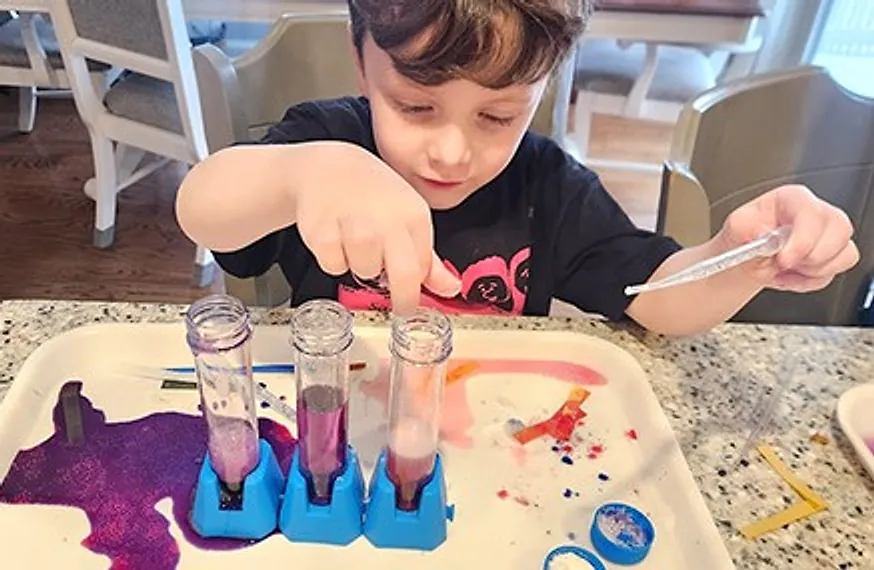 A boy pointing at a rack of test tubes filled with coloured liquid on a kitchen counter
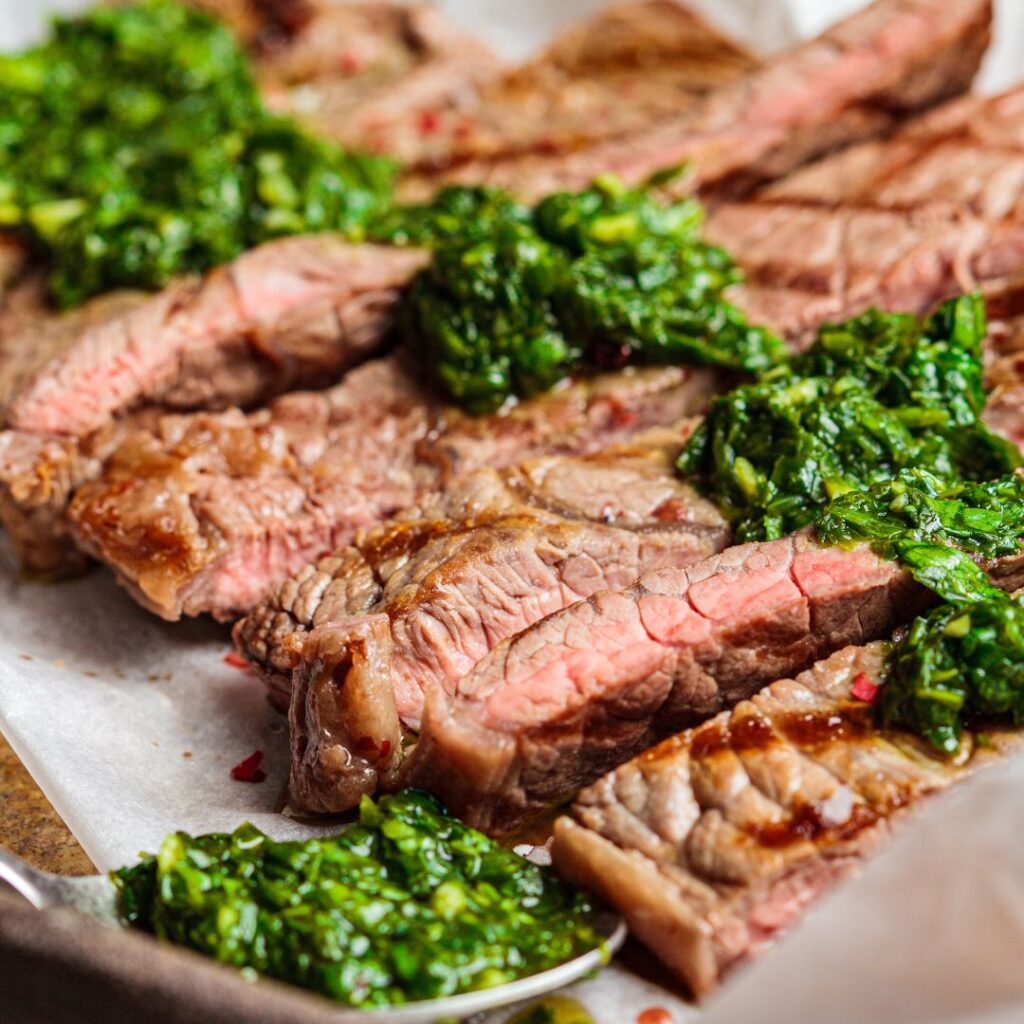 chimichurri sauce on slices of steak image by canva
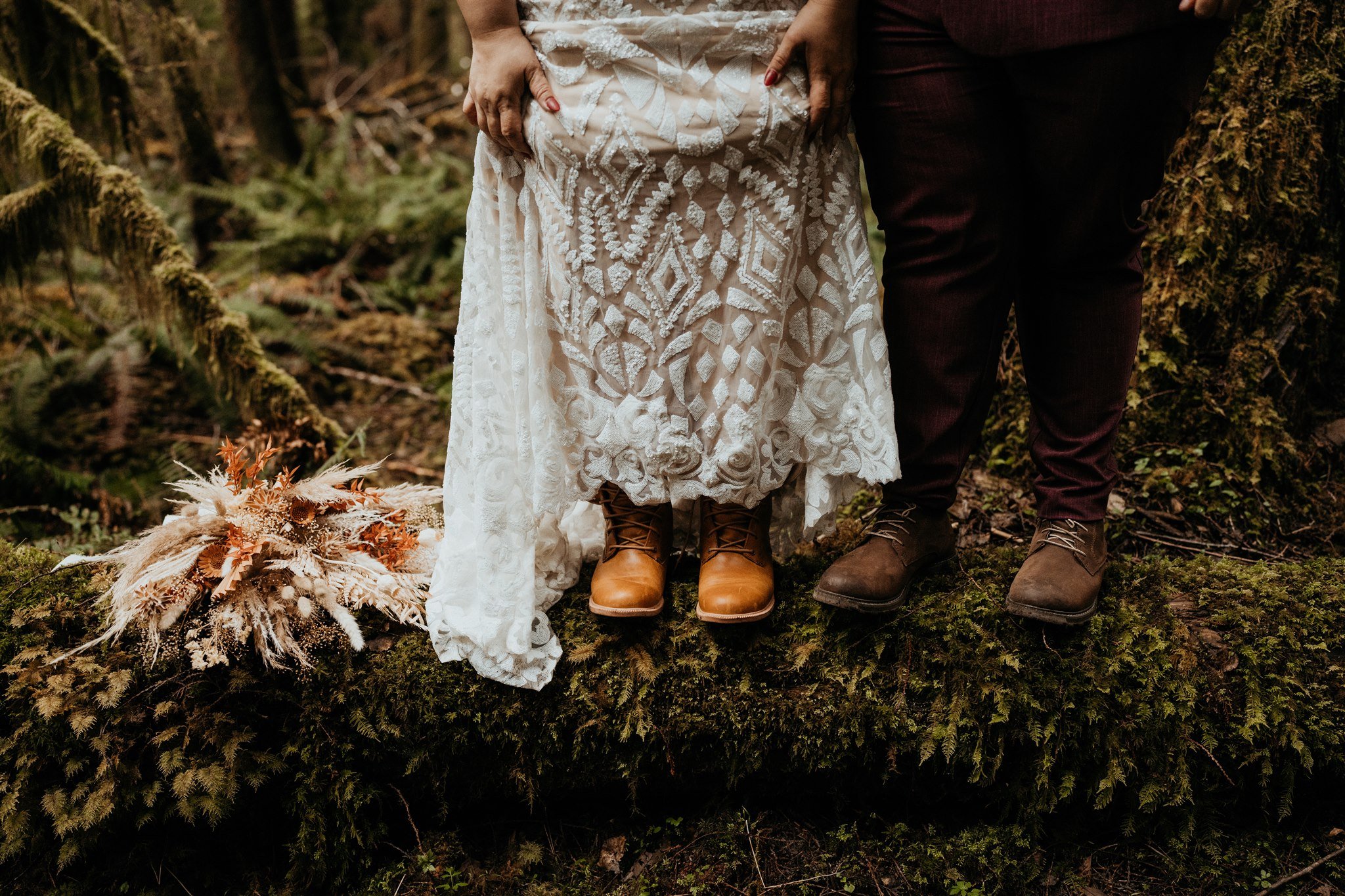 Two brides standing on a log with autumn elopement bouquet 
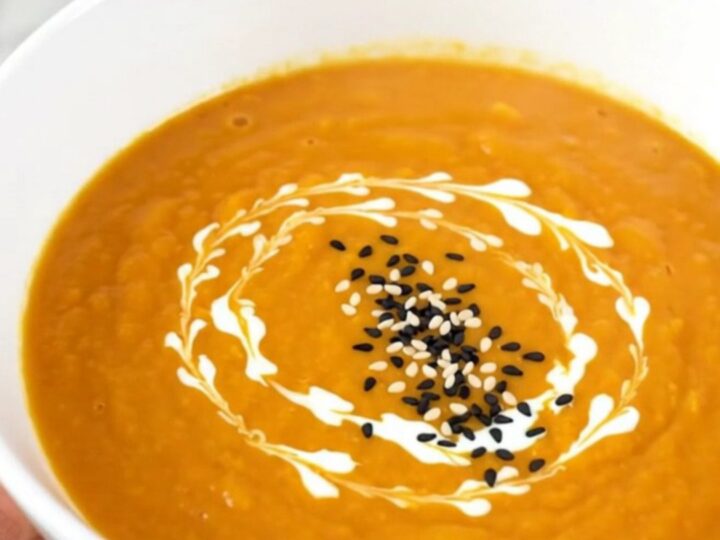 A white bowl filled with smooth, orange carrot soup garnished with a swirl of cream and toasted sesame seeds.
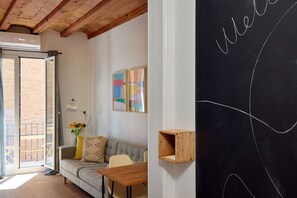 Un salón acogedor con un sofá, una mesa de madera y una pared de pizarra con la palabra 'welcome' escrita.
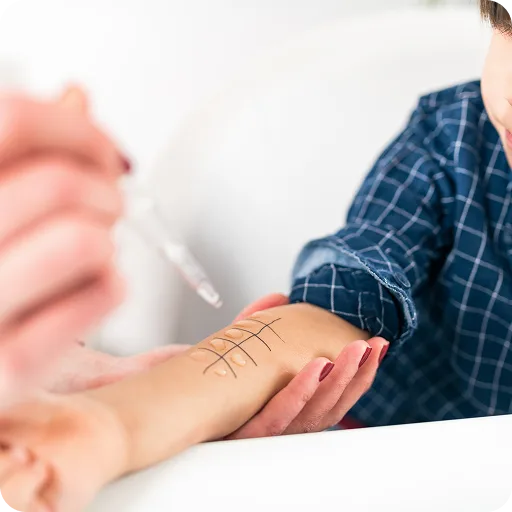 Doctor examining a rash on a child's arm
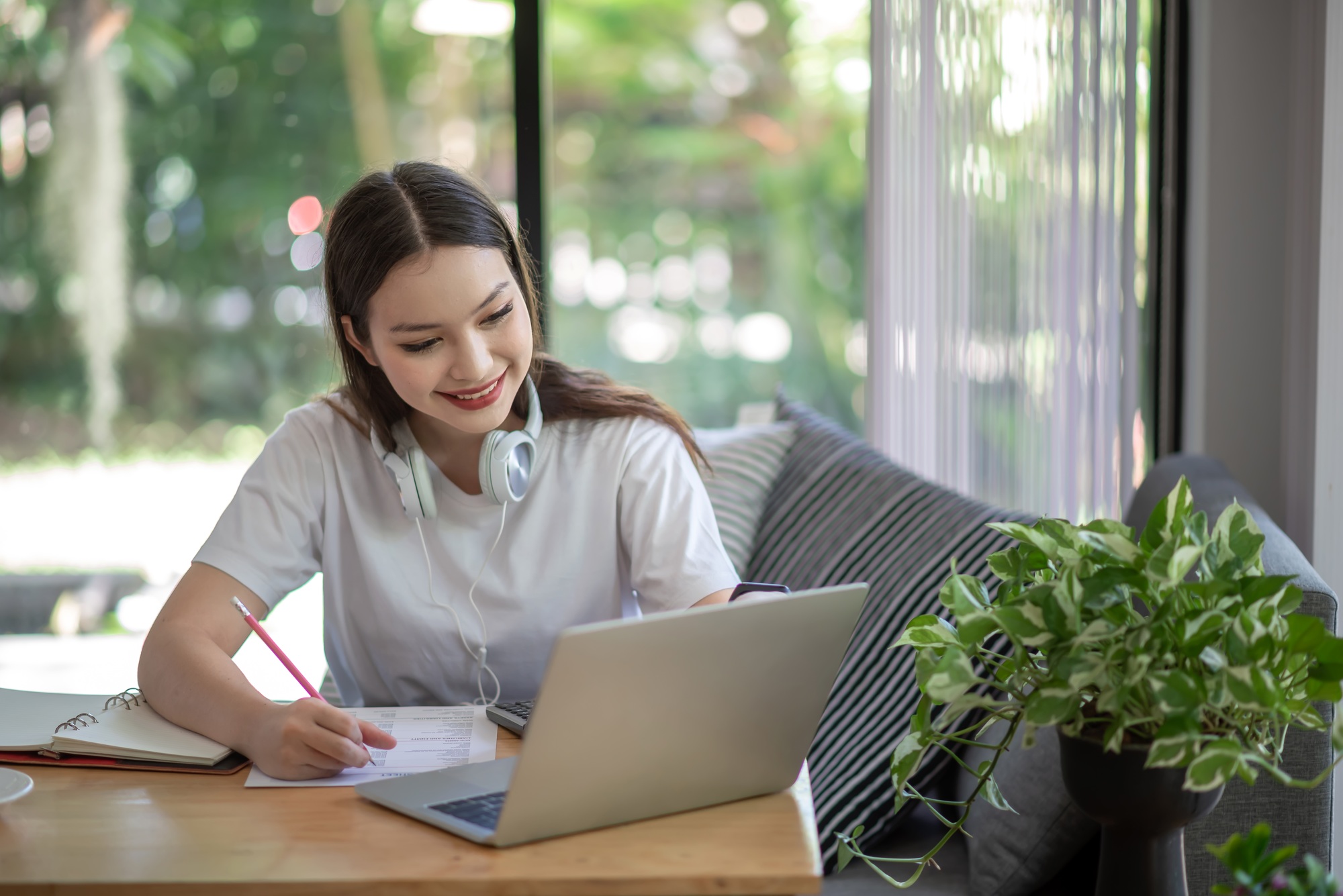Asian woman is studying online and taking notes on the home.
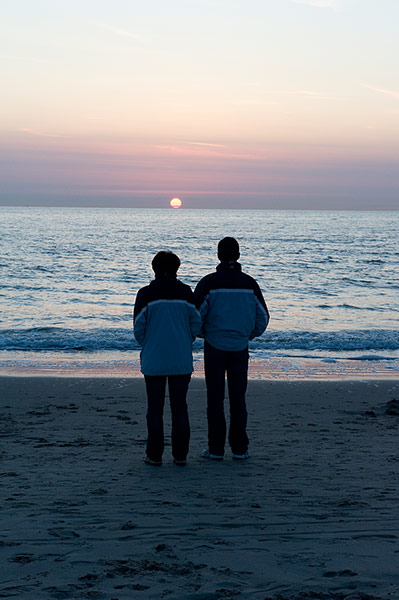 Big Picture: Couples: A couple dressed in matching blue and black jackets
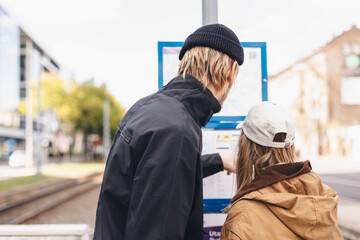 Woman and man orientating self on the public transport map on the street on bus station. Tourist looks at maps with public transport. Traveler looking for a way to the subway map. Search transport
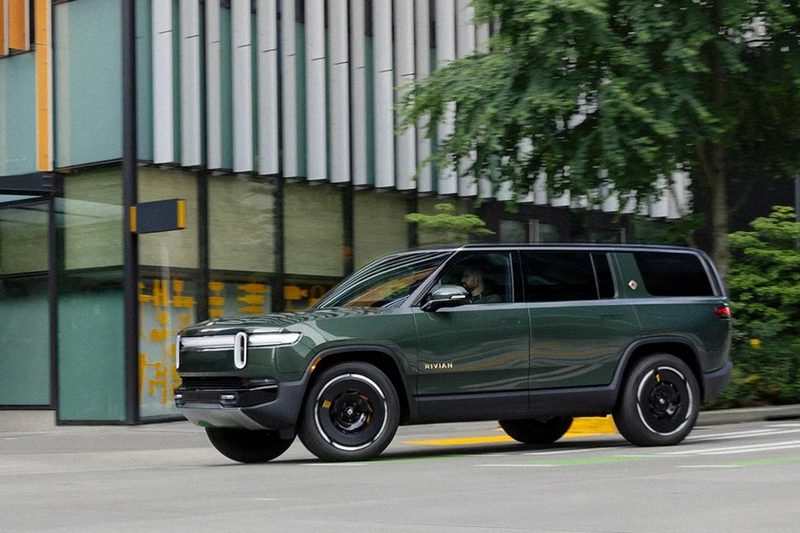 Second-generation Rivian R1S left front three-quarter view turning right on a city street.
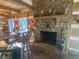 Cozy cabin living room with a stone fireplace, wood beam ceilings, and rustic accents at 7916 N Lasalle Rd, Morgantown, IN 46160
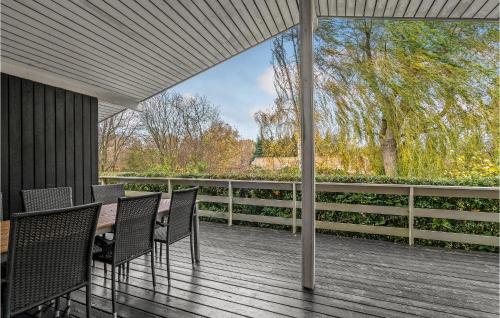 a porch with chairs and a table on a deck at Beautiful Home In Rudkøbing With Wifi in Spodsbjerg
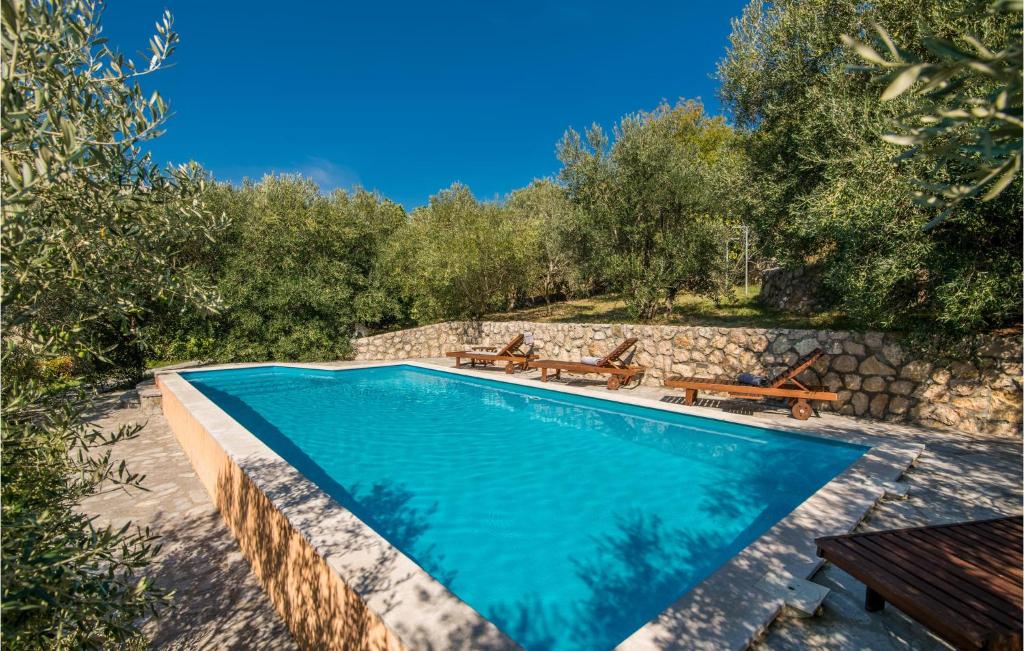 a swimming pool in a garden with benches and trees at Amazing Home In Draga Bascanska With Outdoor Swimming Pool in Draga Bašćanska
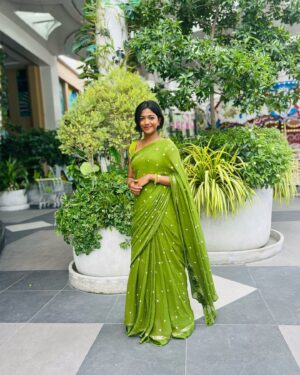 Amala Shaji Instagram - 💚 #amalashaji 
Saree 💚 @hashtag.the.saree.store_
📷 @shahi_official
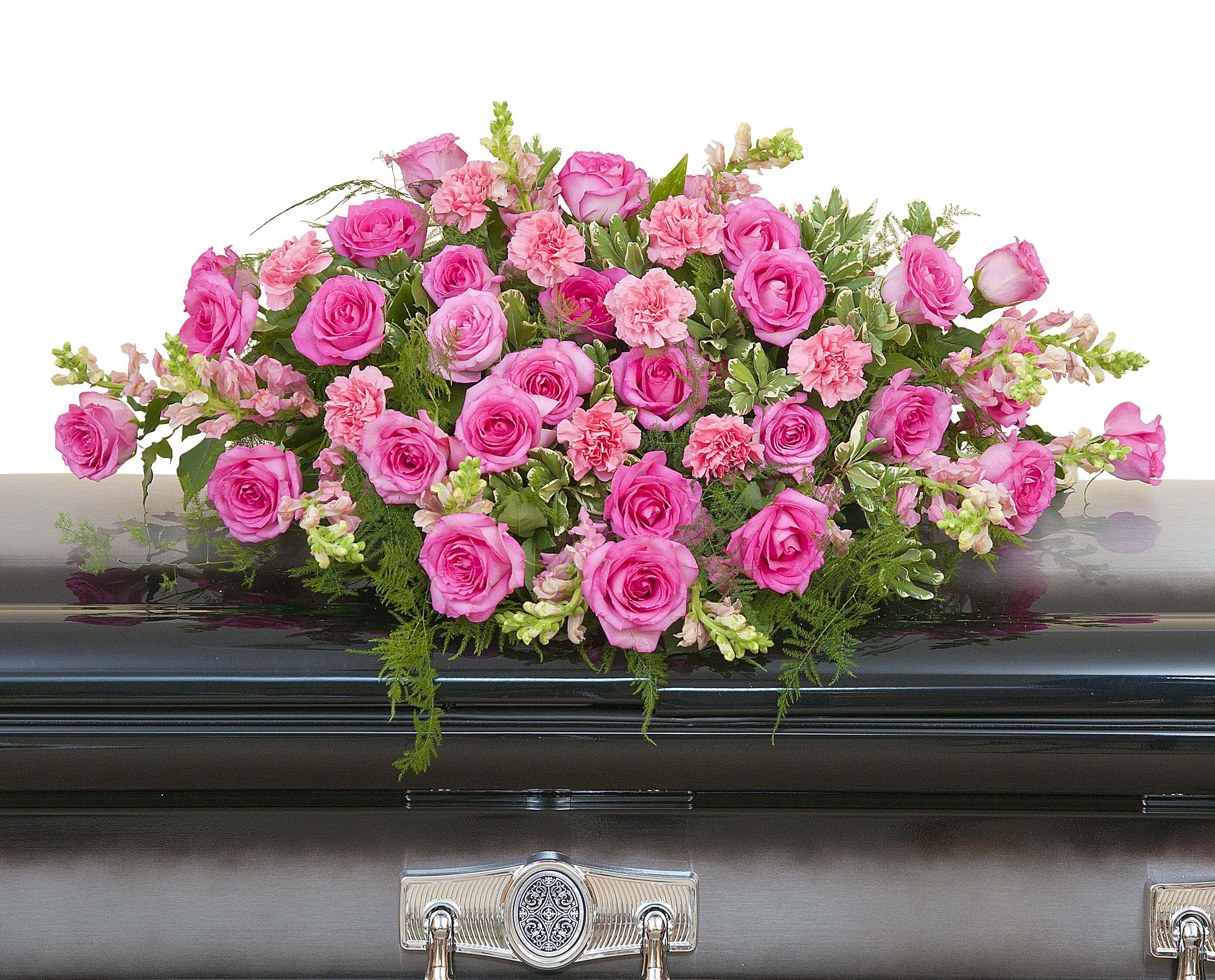 Pink rose and carnation casket spray arranged on a dark metal casket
● ● ● ● ●
• _Exercise_
From the line containing "a swimming pool" through the last line of the records, both included, output those lines exactly and nothing else; skip the pictures.

• _Written answer_
 a swimming pool in a garden with benches and trees at Amazing Home In Draga Bascanska With Outdoor Swimming Pool in Draga Bašćanska
 Amala Shaji Instagram - 💚 #amalashaji 
Saree 💚 @hashtag.the.saree.store_
📷 @shahi_official
 Pink rose and carnation casket spray arranged on a dark metal casket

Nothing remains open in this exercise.